Os cenários e os figurinos também foram feitos por nós.
Em Setembro de 2008 fomos convidados pelo PES (Projecto de Educação para a Saúde) para a realização de um espectáculo teatral subordinado ao tema da alimentação saudável. Assim surgiu a criação colectiva «À mesa com boas maneiras». A peça aborda o tema dos distúrbios alimentares na adolescência. A elaboração de textos, figurinos, cenários e adereços obrigou-nos a reflectir sobre este tema e a partilhar as nossas ideias, opiniões e experiências. O trabalho foi apresentado à comunidade escolar no Dia Mundial da Alimentação (16 de Outubro).
 No dia 22 de Dezembro de 2008 fizemos uma apresentação no auditório da ADIBER da peça infantil «Afinal nem tudo é mentira», escrito em conjunto pela Margarida e pelo João, que também participaram como actores. O texto conta a história de uma criança que pede à sua mãe que a leve a conhecer as personagens do universo infantil que ela acredita serem reais. A mãe desilude-a dizendo-lhe que essas personagens não existem. Mas numa noite mágica, a Floribela, a Barbie, o Super-Homem, a Pipi da Meias Altas, a Barbie Potter, a Cruella de Vil, uma Capuchinho Amarelo, a Branca de Neve e o Pai Natal entram pelo seu quarto e fazem-lhe uma surpresa.
 
Recentemente, este espectáculo foi incluído na iniciativa Março – Mês do Teatro da Câmara Municipal de Góis, tendo sido apresentado na Casa do Povo de Vila Nova do Ceira no passado dia 15 de Março em conjunto com os nossos colegas da turma do 9º B da EB de Góis.
 
Encontramo-nos todas as quartas-feiras entre as 16 e as 17 horas na ADIBER, onde, para além de ensaiarmos, também fazemos exercícios de expressão dramática, voz e dicção.
 
 
 
 




Teatro-íris @ 17:11

Qua, 25/03/09

 

«Todas as sociedades humanas são espetaculares no seu cotidiano, e produzem espetáculos em momentos especiais. São espetaculares como forma de organização social, e produzem espetáculos como este que vocês vieram ver.

Mesmo quando inconscientes, as relações humanas são estruturadas em forma teatral: o uso do espaço, a linguagem do corpo, a escolha das palavras e a modulação das vozes, o confronto de idéias e paixões, tudo que fazemos no palco fazemos sempre em nossas vidas: nós somos teatro!

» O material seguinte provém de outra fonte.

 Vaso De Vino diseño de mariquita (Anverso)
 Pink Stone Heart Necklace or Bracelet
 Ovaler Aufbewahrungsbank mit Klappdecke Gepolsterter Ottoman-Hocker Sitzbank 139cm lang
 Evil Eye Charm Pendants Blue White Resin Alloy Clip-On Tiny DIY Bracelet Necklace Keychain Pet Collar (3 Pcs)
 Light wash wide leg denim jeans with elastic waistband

Não só casamentos e funerais são espetáculos, mas também os rituais cotidianos que, por sua familiaridade, não nos chegam à consciência. Não só pompas, mas também o café da manhã e os bons-dias, tímidos namoros e grandes conflitos passionais, uma sessão do Senado ou uma reunião diplomática - tudo é teatro.

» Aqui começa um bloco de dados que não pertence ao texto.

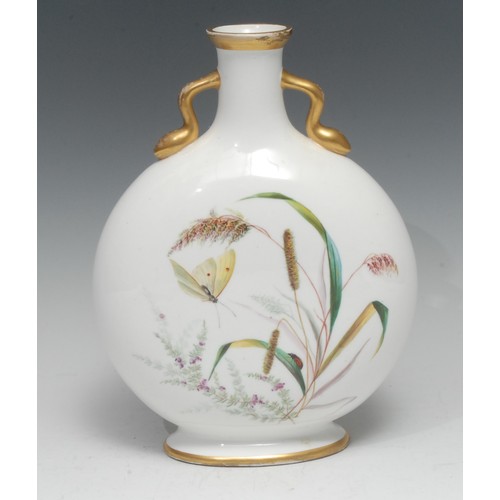 98 - A Minton Aesthetic Movement moon flask, each flattened face painted with flowers, winged insects, an... 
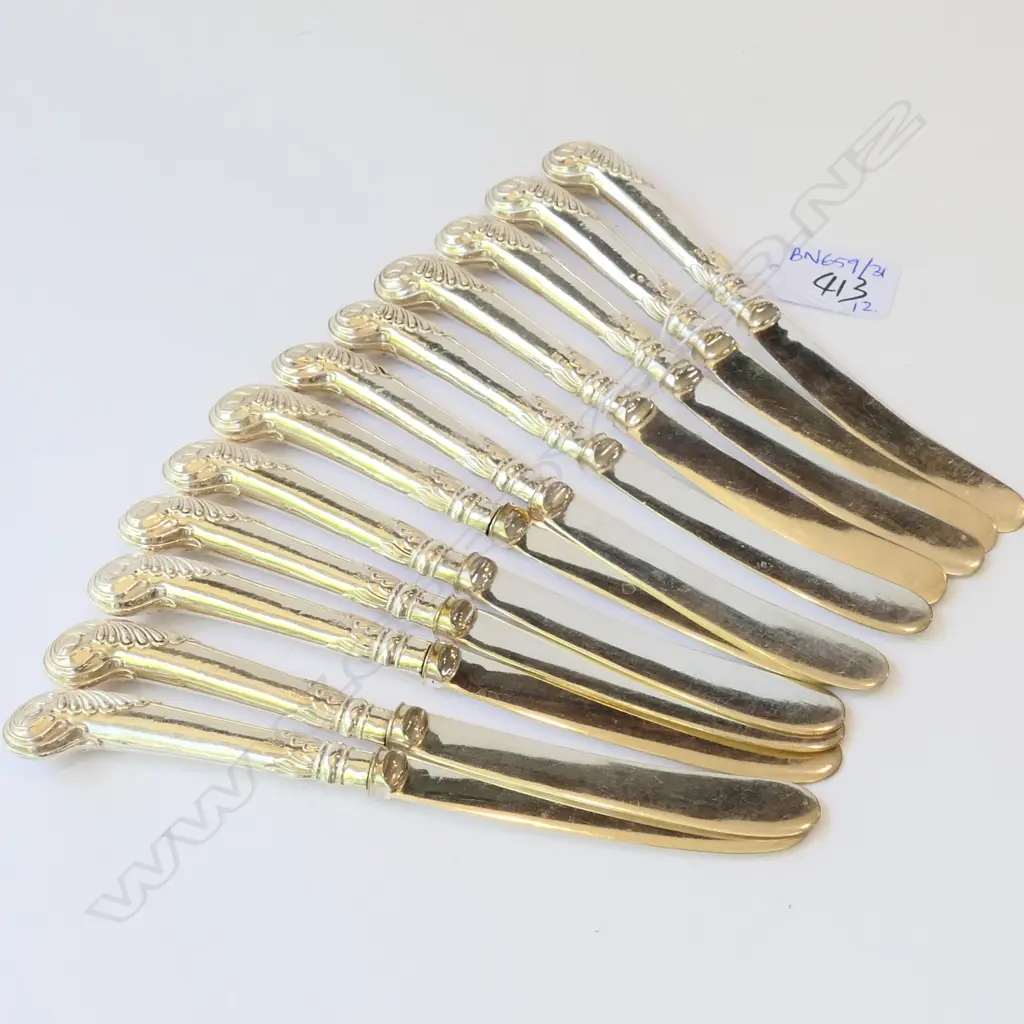 12 STG SILVER HANDLED BUTTER KNIVES, SHEFFIELD 1909 Image 1++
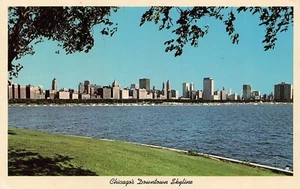Vintage Chicagos Innenstadt Skyline Lake Michigan unbespostte Postkarte - Bild 1 von 2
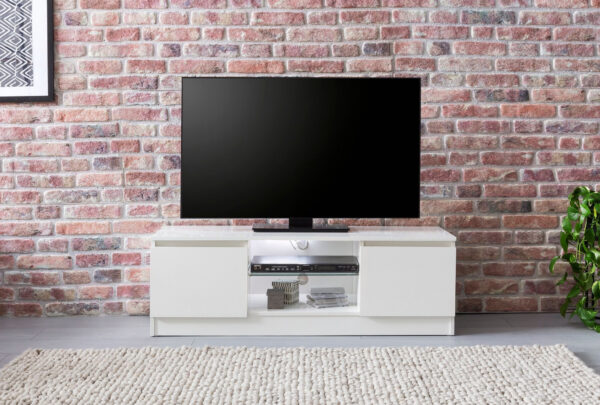   TV-Schrank – TV-Schrank – LED-Beleuchtung – 120 cm breit – weiß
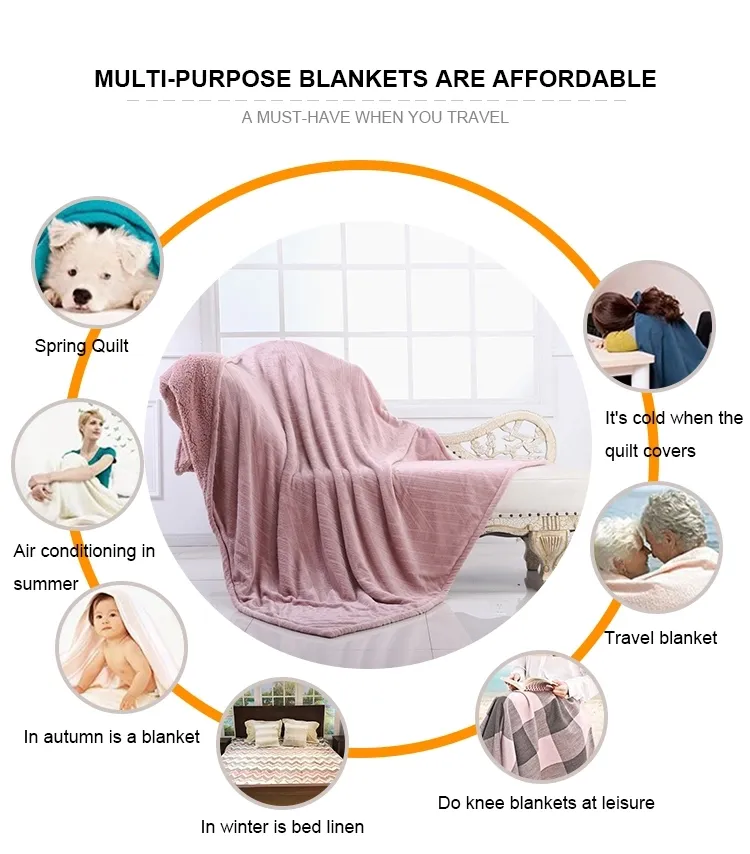 Hot Sale100% Polyester Bedding Cheap Custom Print Flannel Tassel Fringe Throw Blankets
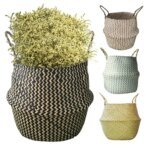New 1pc Foldable Handmade Rattan Woven Flower Basket Seagrass Clothing Storage Basket Home Decoration Flower Basket - Image 4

Uma das principais funções da nossa arte é tornar conscientes esses espetáculos da vida diária onde os atores são os próprios espectadores, o palco é a platéia e a platéia, palco. Somos todos artistas: fazendo teatro, aprendemos a ver aquilo que nos salta aos olhos, mas que somos incapazes de ver tão habituados estamos a olhar. O que nos é familiar torna-se invisível: fazer teatro, ao contrário, ilumina o palco da nossa vida cotidiana.

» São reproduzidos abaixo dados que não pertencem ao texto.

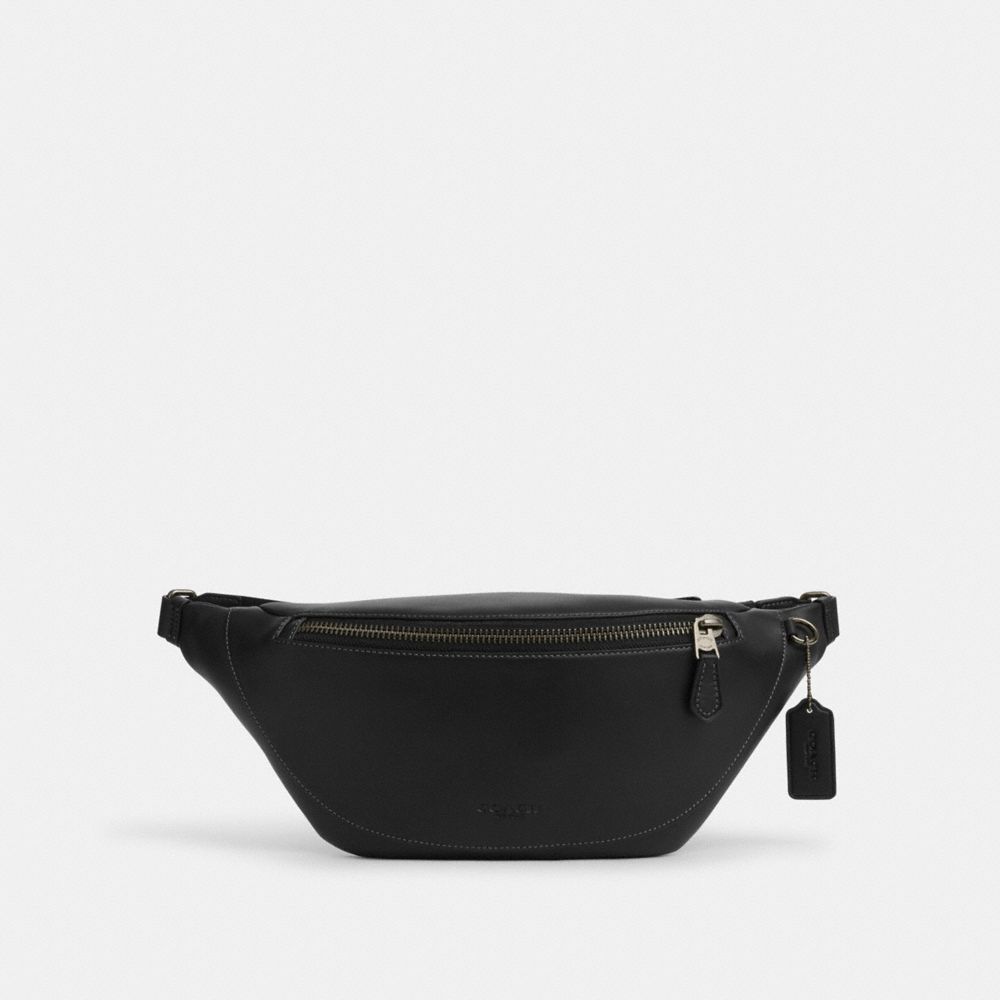 COACH®,WARREN BELT BAG,Smooth Leather,Medium,Gunmetal/Black,Front View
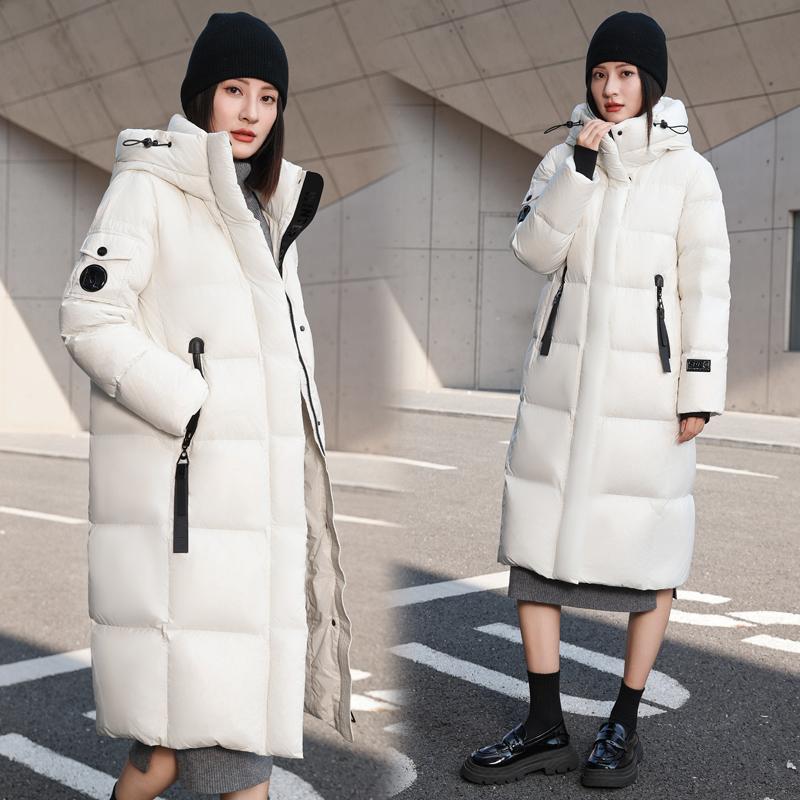 新款黑金羽绒服女2025冬潮流长款亮面过膝加厚高充绒爆款连帽外套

Em Setembro do ano passado fomos surpreendidos por uma revelação teatral: nós, que pensávamos viver em um mundo seguro apesar das guerras, genocídios, hecatombes e torturas que aconteciam, sim, mas longe de nós em países distantes e selvagens, nós vivíamos seguros com nosso dinheiro guardado em um banco respeitável ou nas mãos de um honesto corretor da Bolsa - nós fomos informados de que esse dinheiro não existia, era virtual, feia ficção de alguns economistas que não eram ficção, nem eram seguros, nem respeitáveis. Tudo não passava de mau teatro com triste enredo, onde poucos ganhavam muito e muitos perdiam tudo. Políticos dos países ricos fecharam-se em reuniões secretas e de lá saíram com soluções mágicas. Nós, vítimas de suas decisões, continuamos espectadores sentados na última fila das galerias.

Vinte anos atrás, eu dirigi Fedra de Racine, no Rio de Janeiro. O cenário era pobre; no chão, peles de vaca; em volta, bambus. Antes de começar o espetáculo, eu dizia aos meus atores: - "Agora acabou a ficção que fazemos no dia-a-dia. Quando cruzarem esses bambus, lá no palco, nenhum de vocês tem o direito de mentir. Teatro é a Verdade Escondida".

Vendo o mundo além das aparências, vemos opressores e oprimidos em todas as sociedades, etnias, gêneros, classes e castas, vemos o mundo injusto e cruel. Temos a obrigação de inventar outro mundo porque sabemos que outro mundo é possível. Mas cabe a nós construí-lo com nossas mãos entrando em cena, no palco e na vida.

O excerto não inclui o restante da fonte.